Collected data entries

####

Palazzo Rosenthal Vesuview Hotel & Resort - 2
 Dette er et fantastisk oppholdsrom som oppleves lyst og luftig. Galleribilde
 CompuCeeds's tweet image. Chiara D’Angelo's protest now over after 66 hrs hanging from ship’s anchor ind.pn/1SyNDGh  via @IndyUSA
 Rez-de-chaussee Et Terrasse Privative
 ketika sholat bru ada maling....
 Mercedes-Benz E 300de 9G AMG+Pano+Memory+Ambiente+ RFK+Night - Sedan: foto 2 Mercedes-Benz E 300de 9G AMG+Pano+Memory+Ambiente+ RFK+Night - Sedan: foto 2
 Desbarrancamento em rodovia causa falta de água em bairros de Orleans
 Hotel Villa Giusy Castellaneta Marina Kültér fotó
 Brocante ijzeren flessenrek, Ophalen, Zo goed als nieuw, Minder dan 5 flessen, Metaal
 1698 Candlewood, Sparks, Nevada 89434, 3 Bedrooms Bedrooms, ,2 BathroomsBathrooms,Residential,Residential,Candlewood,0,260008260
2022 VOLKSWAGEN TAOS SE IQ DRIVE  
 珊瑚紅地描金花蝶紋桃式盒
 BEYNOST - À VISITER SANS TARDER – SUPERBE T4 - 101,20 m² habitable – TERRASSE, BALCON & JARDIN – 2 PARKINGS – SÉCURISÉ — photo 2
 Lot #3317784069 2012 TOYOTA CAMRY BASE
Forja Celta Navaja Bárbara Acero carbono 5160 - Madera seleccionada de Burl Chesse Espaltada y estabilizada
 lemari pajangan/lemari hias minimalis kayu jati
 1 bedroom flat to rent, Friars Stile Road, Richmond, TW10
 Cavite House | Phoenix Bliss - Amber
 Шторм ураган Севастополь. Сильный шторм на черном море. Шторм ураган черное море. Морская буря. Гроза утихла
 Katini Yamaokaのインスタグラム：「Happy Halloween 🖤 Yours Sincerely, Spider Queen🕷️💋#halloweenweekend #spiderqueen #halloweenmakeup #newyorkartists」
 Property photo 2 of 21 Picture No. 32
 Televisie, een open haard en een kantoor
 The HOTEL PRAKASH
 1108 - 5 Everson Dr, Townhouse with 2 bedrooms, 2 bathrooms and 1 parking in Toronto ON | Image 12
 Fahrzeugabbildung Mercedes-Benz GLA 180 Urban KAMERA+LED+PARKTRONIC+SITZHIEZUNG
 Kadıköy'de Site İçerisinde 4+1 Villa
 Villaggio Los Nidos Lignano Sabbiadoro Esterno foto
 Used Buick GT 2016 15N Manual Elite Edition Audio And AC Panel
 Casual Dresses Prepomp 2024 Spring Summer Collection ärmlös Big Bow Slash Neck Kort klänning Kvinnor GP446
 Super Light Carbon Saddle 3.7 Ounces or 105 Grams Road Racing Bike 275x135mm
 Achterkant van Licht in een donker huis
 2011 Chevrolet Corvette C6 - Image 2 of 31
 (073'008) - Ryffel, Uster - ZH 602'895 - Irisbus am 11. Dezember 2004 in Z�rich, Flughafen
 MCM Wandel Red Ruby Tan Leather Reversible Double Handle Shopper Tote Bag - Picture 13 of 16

####

__Goal of the exercise__: The answer must consist of every line from the entries above that contains the string "Mercedes".

__Result of this task__:
 Mercedes-Benz E 300de 9G AMG+Pano+Memory+Ambiente+ RFK+Night - Sedan: foto 2 Mercedes-Benz E 300de 9G AMG+Pano+Memory+Ambiente+ RFK+Night - Sedan: foto 2
 Fahrzeugabbildung Mercedes-Benz GLA 180 Urban KAMERA+LED+PARKTRONIC+SITZHIEZUNG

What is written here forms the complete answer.